I teach the continuous part, whereas the discrete part is lead by Martin Loebl.
Schedule of lectures:
|(plan) 25.3.||Introduction: Discrete and continuous optimization, their relation, examples (flows in networks). Illustration on linear regression models: different norms, cardinality, signal reconstruction. [chapter 1]|
|(plan) 1.4.||Unconstrained optimization: optimality criteria of the first and second order, illustration on the least square problem. Convex sets. [chapter 2, section 3.1]|
|(plan) 8.4.||Convex functions, first and second order characterization, chain rules. [sections 3.2-4]|
|(plan) 15.4.||Convex optimization: basic properties of the optimal solutions, characterization of optimality, idea of the ellipsoid method for polynomial problems, [sections 4.1, 4.4.1]|
|(plan) 22.4.||An example of copositive programming as a hard subclass.
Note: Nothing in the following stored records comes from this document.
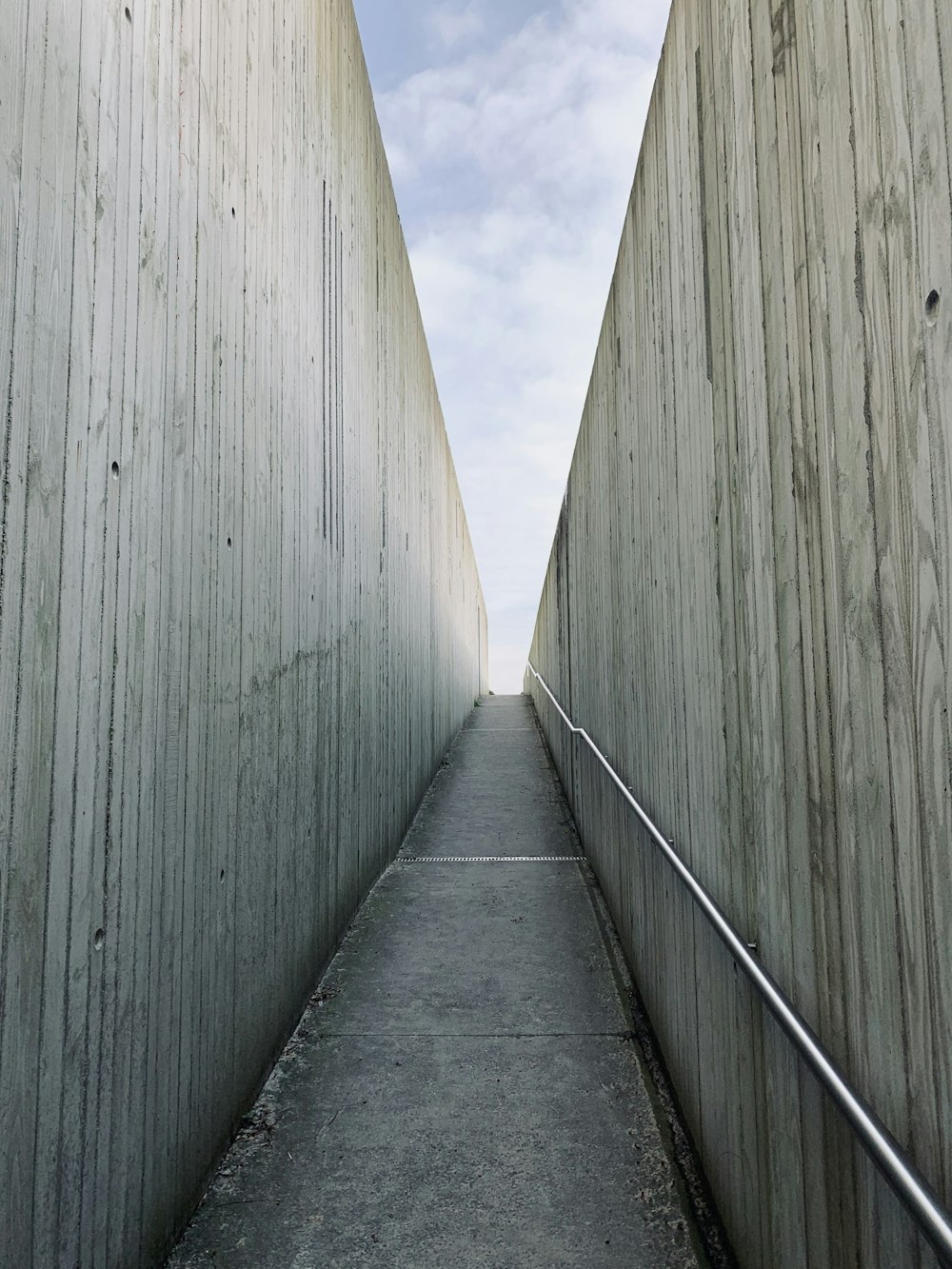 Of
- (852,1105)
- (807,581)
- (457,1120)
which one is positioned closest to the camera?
(852,1105)

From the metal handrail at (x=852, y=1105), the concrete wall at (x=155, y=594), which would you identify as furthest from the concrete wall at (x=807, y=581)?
the concrete wall at (x=155, y=594)

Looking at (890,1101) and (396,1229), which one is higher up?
(890,1101)

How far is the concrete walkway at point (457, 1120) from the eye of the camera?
2.19 meters

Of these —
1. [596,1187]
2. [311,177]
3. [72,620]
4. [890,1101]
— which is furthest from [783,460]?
[311,177]

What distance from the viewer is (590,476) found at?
17.5 ft

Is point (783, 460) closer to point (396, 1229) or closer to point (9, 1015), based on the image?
point (9, 1015)

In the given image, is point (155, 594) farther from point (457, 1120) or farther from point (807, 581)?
point (457, 1120)

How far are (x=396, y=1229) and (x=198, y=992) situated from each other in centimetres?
81

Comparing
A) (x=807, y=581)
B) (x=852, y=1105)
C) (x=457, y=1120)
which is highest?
(x=807, y=581)

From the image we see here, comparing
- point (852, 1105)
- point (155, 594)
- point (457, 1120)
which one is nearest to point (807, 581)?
point (852, 1105)

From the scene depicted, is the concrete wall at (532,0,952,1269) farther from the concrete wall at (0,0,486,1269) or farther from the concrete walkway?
the concrete wall at (0,0,486,1269)

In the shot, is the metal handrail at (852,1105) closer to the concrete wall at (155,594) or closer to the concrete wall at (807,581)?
the concrete wall at (807,581)

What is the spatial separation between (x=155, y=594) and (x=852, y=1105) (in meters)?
1.81

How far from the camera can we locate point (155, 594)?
2.14m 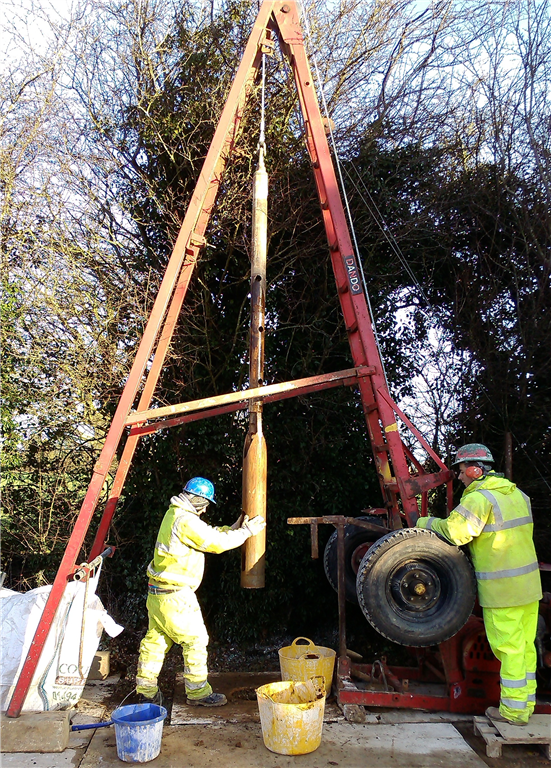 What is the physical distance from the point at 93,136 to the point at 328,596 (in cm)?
597

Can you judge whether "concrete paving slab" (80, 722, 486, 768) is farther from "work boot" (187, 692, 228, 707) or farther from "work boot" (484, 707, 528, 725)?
"work boot" (187, 692, 228, 707)

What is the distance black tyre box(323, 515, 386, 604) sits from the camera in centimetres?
559

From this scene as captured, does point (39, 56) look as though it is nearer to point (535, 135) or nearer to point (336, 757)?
point (535, 135)

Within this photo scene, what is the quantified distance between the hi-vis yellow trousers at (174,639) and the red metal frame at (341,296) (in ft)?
2.92

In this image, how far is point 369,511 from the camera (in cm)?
563

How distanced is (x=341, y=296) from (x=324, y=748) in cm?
359

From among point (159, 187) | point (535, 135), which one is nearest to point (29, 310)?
point (159, 187)

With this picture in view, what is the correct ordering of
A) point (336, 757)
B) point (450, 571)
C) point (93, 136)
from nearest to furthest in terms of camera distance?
point (336, 757) → point (450, 571) → point (93, 136)

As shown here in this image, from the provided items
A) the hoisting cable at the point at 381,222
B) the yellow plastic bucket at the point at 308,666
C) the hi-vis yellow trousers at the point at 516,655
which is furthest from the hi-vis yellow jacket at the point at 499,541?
the hoisting cable at the point at 381,222

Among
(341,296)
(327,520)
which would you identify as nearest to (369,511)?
(327,520)

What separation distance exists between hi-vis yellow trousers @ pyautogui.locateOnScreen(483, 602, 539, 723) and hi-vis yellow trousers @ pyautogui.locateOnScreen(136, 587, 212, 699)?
7.14ft

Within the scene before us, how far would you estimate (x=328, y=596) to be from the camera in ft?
21.3

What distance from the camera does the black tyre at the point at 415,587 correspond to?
424 cm

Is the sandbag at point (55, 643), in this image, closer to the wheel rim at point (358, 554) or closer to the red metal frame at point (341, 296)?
the red metal frame at point (341, 296) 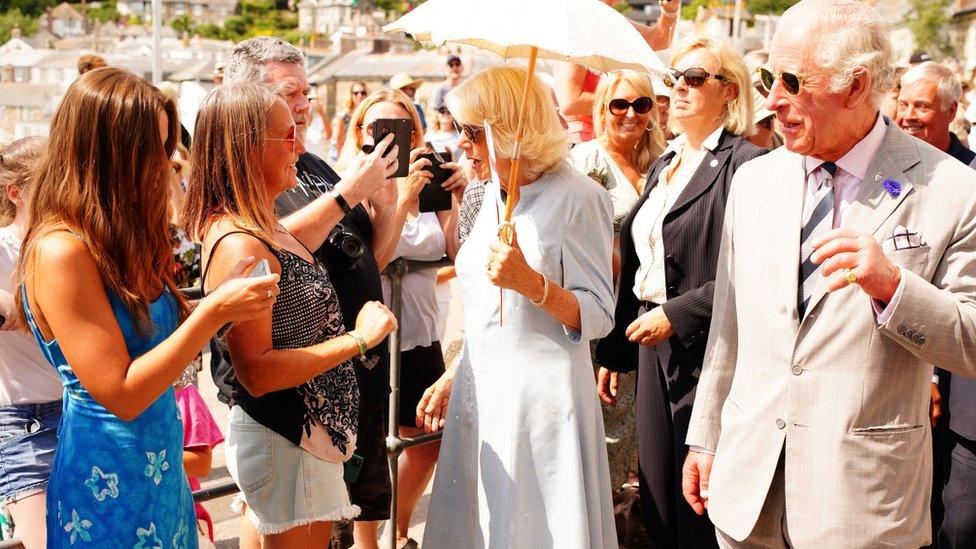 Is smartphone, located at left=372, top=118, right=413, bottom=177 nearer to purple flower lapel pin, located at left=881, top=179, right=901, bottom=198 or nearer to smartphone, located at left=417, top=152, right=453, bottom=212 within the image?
smartphone, located at left=417, top=152, right=453, bottom=212

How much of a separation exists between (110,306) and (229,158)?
60cm

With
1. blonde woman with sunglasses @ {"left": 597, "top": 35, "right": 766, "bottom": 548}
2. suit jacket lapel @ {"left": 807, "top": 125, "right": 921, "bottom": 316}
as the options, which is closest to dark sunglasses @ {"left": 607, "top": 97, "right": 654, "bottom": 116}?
blonde woman with sunglasses @ {"left": 597, "top": 35, "right": 766, "bottom": 548}

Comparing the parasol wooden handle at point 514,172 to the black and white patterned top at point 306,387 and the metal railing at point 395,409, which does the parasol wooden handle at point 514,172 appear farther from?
→ the metal railing at point 395,409

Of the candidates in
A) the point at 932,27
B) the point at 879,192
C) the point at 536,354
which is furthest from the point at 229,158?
the point at 932,27

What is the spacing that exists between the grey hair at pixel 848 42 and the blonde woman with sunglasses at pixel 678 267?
104cm

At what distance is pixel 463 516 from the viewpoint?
355 cm

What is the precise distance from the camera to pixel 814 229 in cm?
286

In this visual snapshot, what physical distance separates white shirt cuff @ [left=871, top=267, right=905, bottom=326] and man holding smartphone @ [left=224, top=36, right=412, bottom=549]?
164 centimetres

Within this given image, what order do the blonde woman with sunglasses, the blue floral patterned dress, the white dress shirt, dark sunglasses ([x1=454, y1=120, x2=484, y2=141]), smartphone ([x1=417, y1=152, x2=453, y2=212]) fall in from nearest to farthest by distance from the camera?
the blue floral patterned dress
dark sunglasses ([x1=454, y1=120, x2=484, y2=141])
the blonde woman with sunglasses
the white dress shirt
smartphone ([x1=417, y1=152, x2=453, y2=212])

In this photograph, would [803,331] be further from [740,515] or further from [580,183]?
[580,183]

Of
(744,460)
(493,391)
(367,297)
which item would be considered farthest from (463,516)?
(744,460)

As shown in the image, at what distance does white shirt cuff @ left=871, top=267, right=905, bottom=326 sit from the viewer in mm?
2467

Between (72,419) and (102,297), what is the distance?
1.17ft

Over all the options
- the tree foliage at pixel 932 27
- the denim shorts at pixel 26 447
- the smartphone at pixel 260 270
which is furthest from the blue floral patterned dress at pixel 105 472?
the tree foliage at pixel 932 27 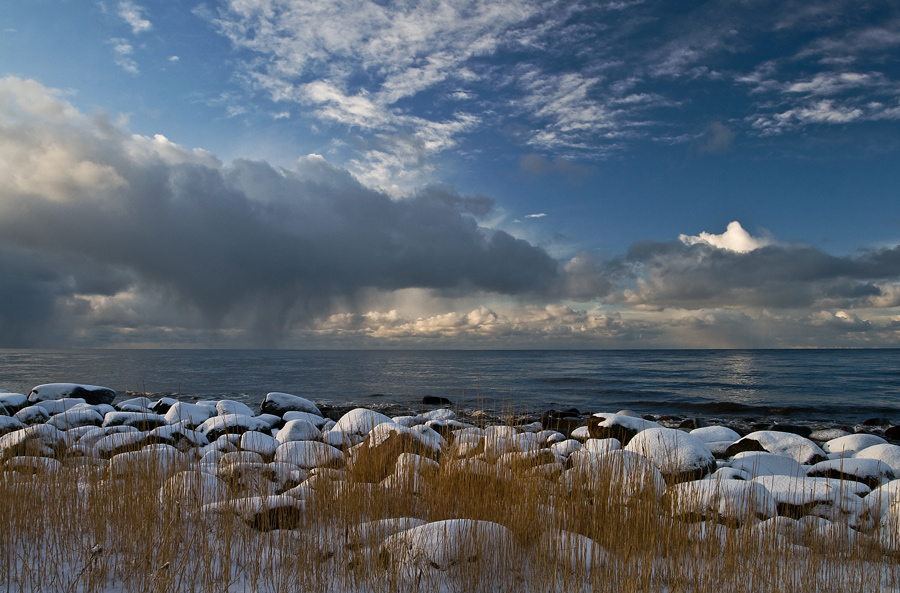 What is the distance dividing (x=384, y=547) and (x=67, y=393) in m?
16.5

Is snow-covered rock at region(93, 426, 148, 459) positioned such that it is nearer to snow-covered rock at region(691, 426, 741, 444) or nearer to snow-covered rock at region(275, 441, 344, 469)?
snow-covered rock at region(275, 441, 344, 469)

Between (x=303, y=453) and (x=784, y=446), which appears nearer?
(x=303, y=453)

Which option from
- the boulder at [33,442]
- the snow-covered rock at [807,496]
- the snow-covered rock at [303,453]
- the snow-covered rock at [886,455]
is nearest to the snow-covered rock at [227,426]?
the boulder at [33,442]

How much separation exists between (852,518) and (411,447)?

Convex quadratic programming: formulation, complexity, examples. [sections 4.2, 4.4.2, 4.5.2]|
|(plan) 29.4.||Convex cone programming: formulation, convex cones, dual cones, the dual problem, weak and strong duality. Cone quadratic programming and semidefinite programming as examples. [section 4.3]|
|(plan) 6.5.||Karush-Kuhn-Tucker optimality conditions for the equation case, for the general case (with linear independence constraint qualification), and for convex problems (with the Slater condition). [chapter 5]|
|(plan) 13.5.||Algorithms. Line search: Armijo rule, Newton method. Unconstraint problems: gradient methods and Newton method. Constraint problems: methods of feasible directions (Frank-Wolfe, Zoutendijk), penalty and barrier methods. [sections 6.1-3]|
|(plan) 20.5.||Concave programming. Robust optimization with interval and ellipsoidal uncertainty. An application: robust PCA. [chapter 7, section 4.5.1]|
To obtain credits for the tutorial, it is needed to obtain at least 50% of the points of each series of homeworks.